Mevlana’nın “Testinin içinde ne varsa, dışına da o sızar.” dediğini hatırlatan Erdoğan, “Bunların içi de belli, dışı da belli. Biz bu gafillere rağmen, hedeflerimize dört elle sarılmaya, ülkemizi büyütmeye, güçlendirmeye, milletimizin refahını artırmaya devam edeceğiz.” dedi.
“Yıllarca bor madeni üzerinden spekülasyonların yapıldı”
Türkiye’de içi boş muhalefetin malzemelerinden birinin de bor meselesi olduğunu aktaran Erdoğan, Türkiye’de yıllarca bor madeni üzerinden spekülasyonların yapıldığını, efsanelerin üretildiğini, komplo teorileri geliştirdiğini ama hiç kimsenin “Bor nedir?”, “Nasıl çıkarılır?”, “Nasıl satılır?”, “Nasıl değerlenir?” kısmına kafa yormadığını söyledi.
Cumhurbaşkanı Erdoğan, AK Parti’ye yönelik saldırıların arttığı bir dönemde Erke Dönergeci adı ile bir balonun uçurulduğunu belirterek, “Dönemin anlı şanlı paşaları, hukukçuları yan yana dizilip, bedava elektrik üreteceği iddia edilen bir aletin icat edildiği müjdesini verdiler. Ortada ne bir icat ne bir emek ne bir cihat ne de bedava elektrik olmadığı için bu balon kısa sürede söndü, hatta patladı. Bor meselesi de işte böyle sürekli gündeme getiriliyordu.” dedi.
“Bor karbürü üretimine başlayacağız”
Türkiye’de bor madenini değerlendirecek çalışmaların kendi dönemlerinde yapıldığını anlatan Erdoğan, önceden sadece ham maden olarak satılan, dolayısıyla katma değeri çok düşük olan boru işlediklerini, geliştirdiklerini, ürüne dönüştürdüklerini, taktik araçlarda, helikopterlerde, uçaklarda, top namlularında, askeri kıyafetlerde zırh olarak kullanılabilecek olan bor karbürü üretimine başlayacaklarını belirtti.
Erdoğan, Balıkesir Bandırma’da temeli atılan bor karbürü fabrikasının 2 yıl içinde tamamlanacağını ve yıllık bin ton bor karbürünün üretileceğini söyledi.
Dünyadaki toplam bor karbürü üretiminin 7 ile 8 bin ton arasında olduğunu vurgulayan Erdoğan, fabrikanın bu açıdan önemli bir kapasiteye sahip olduğunu kaydetti.

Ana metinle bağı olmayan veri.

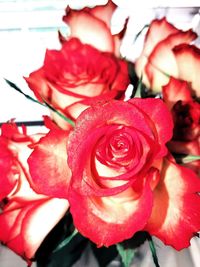 Close-up of red rose blooming outdoors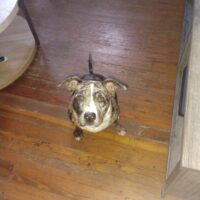 GXL’S NYLA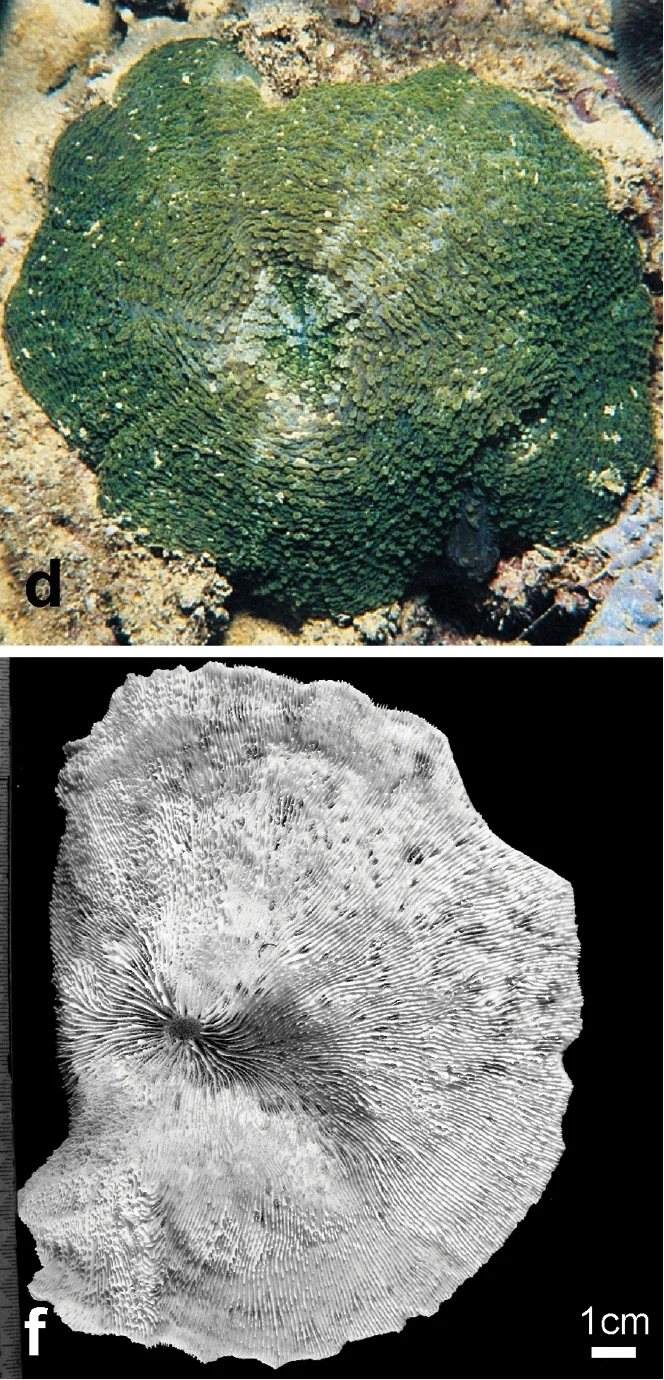 flat lettuce coral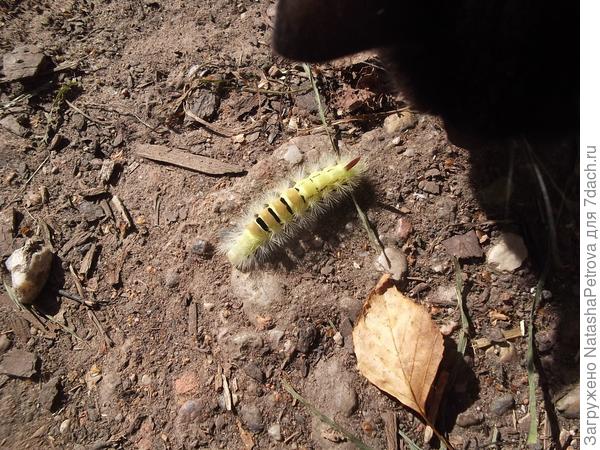 Шерстолапка стыдливая - это у неё название такое :)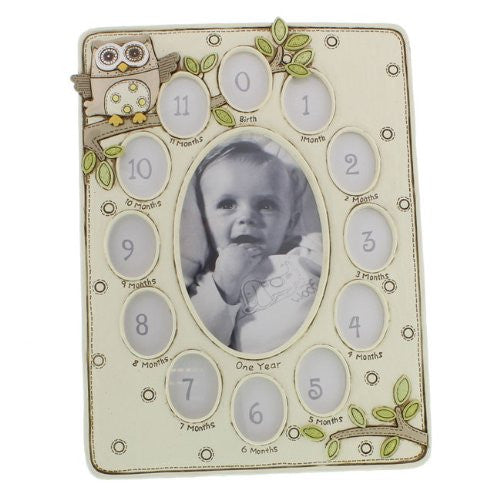 Juliana Baby Noahs Ark Resin 13 Aperture Frame Owl
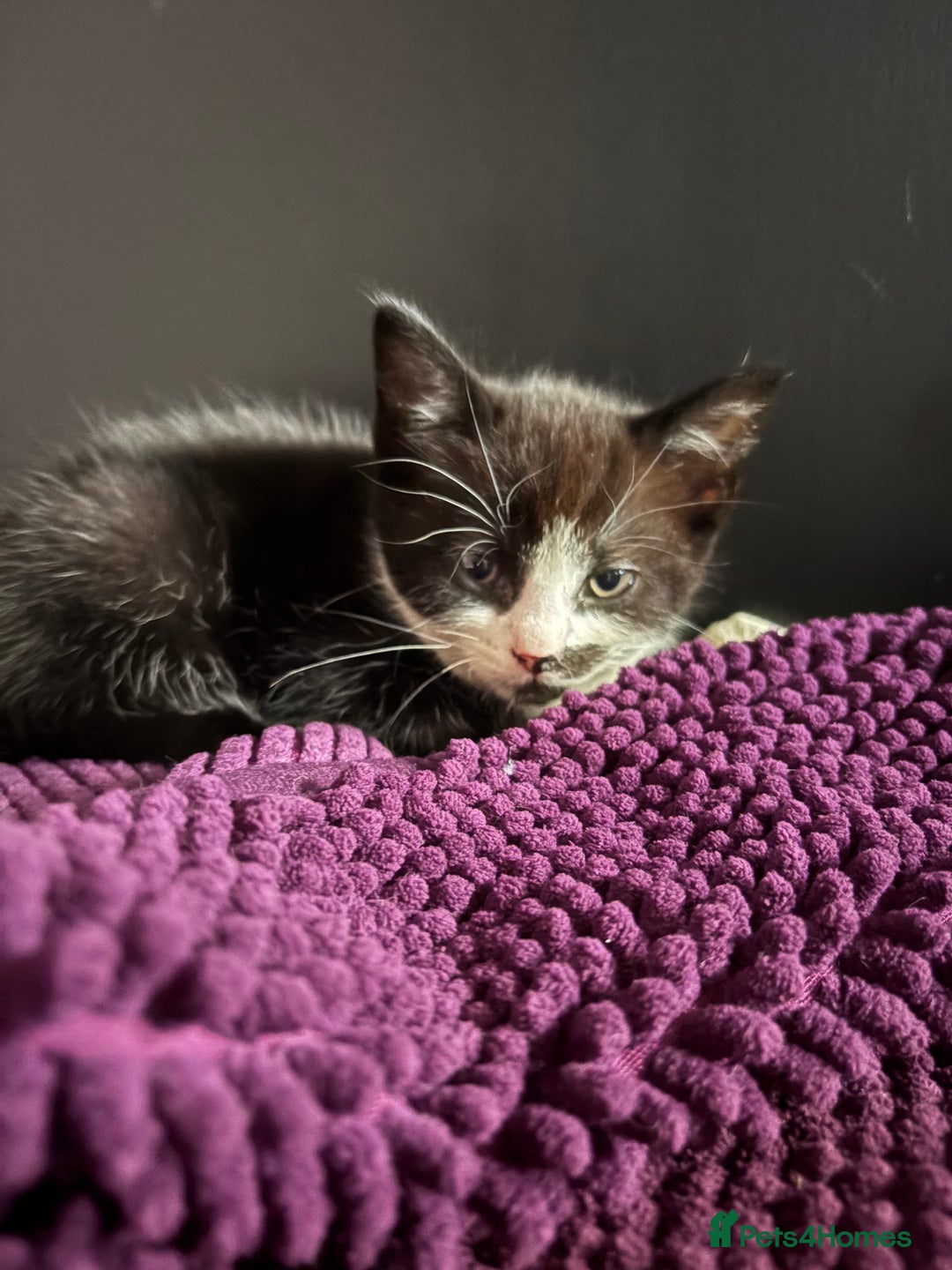 American Shorthair cats for sale: 5 black and white kittens for forever home - Image 8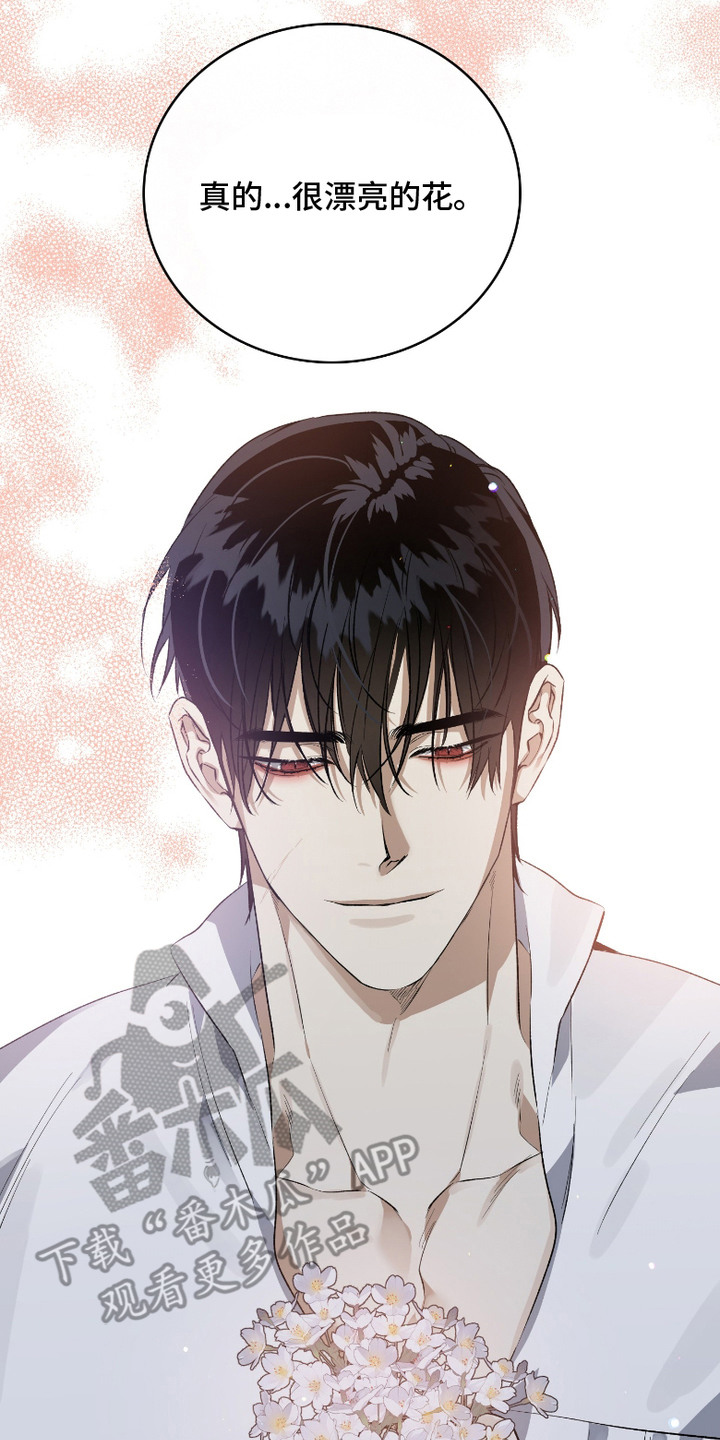 白夜的旋律漫画,第6章：梨花4图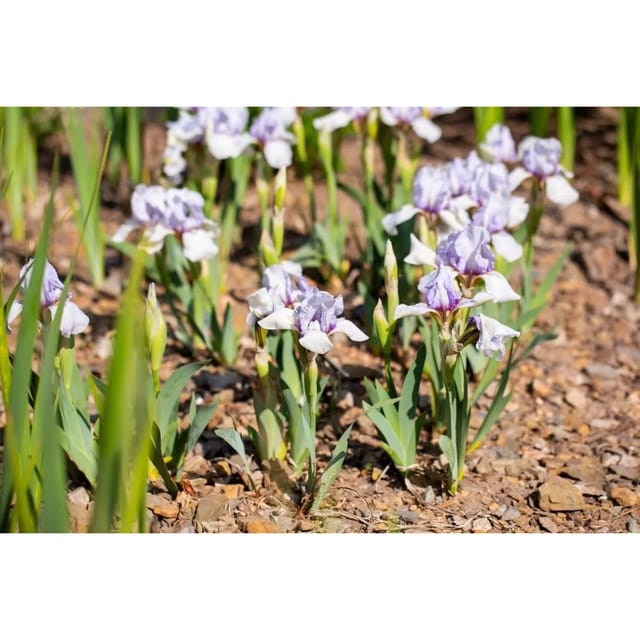 Iris X Barb.-media Sibirische Schwertlilie Ca. 11x11 cm Topf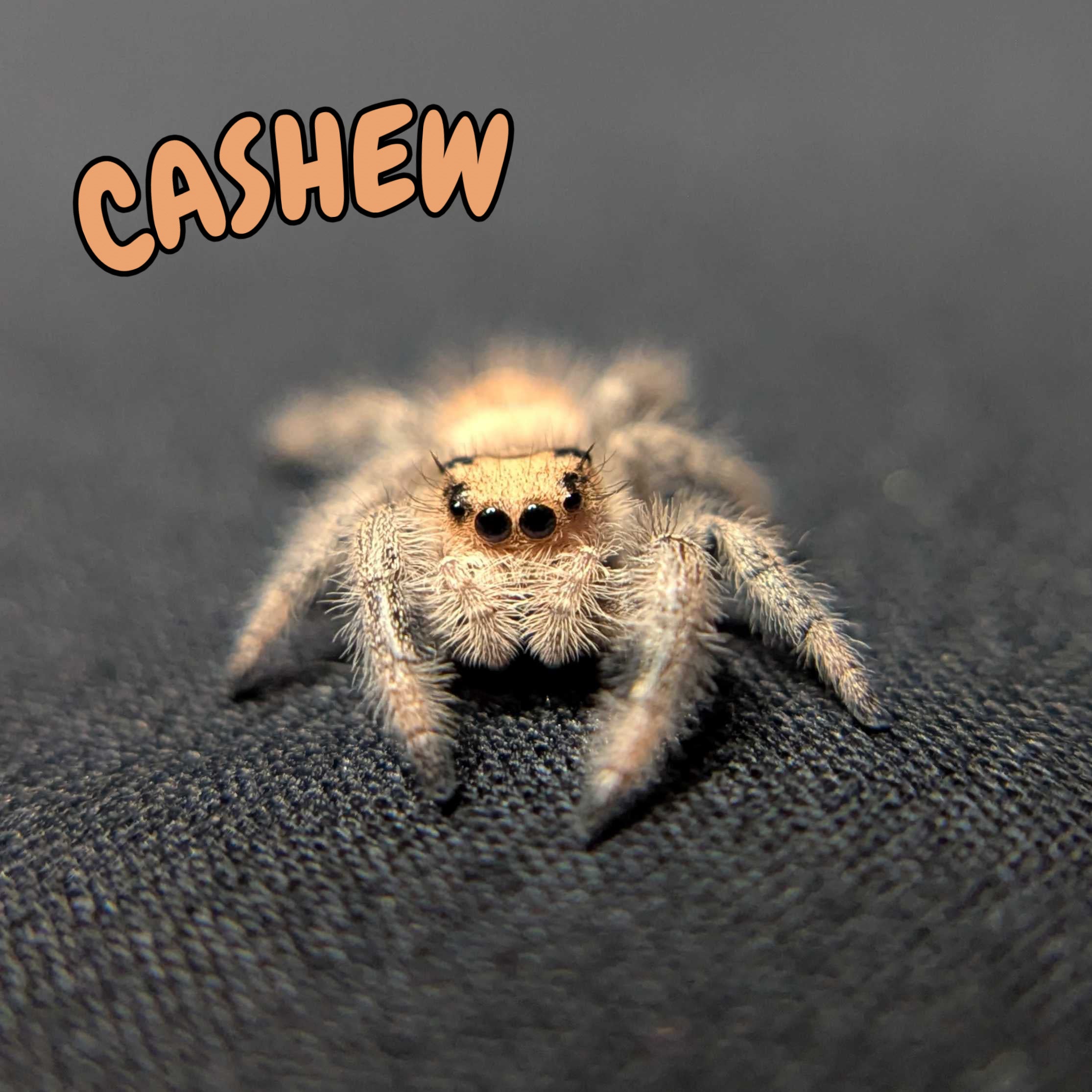 Regal Jumping Spider "Cashew"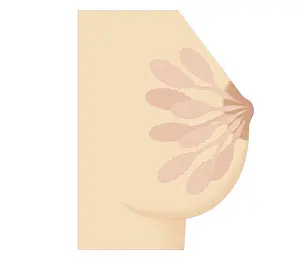 Breast Prints: Cross section biomedical illustration of Lactiferous duct in human mammary gland before pregnancy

Dünya bor rezervlerinin yaklaşık dörtte üçü Türkiye’de olduğu için bu üretimin uzun yıllar sürdürülmesi imkanı bulunduğunu ifade eden Erdoğan, eskiden bin liraya satılan bor ham maddesinin işlenmiş ürün olarak 100 liraya, hatta bin liraya geri alındığını, şimdi ise bunların Türkiye’de üretilmeye başlanacağını anlattı.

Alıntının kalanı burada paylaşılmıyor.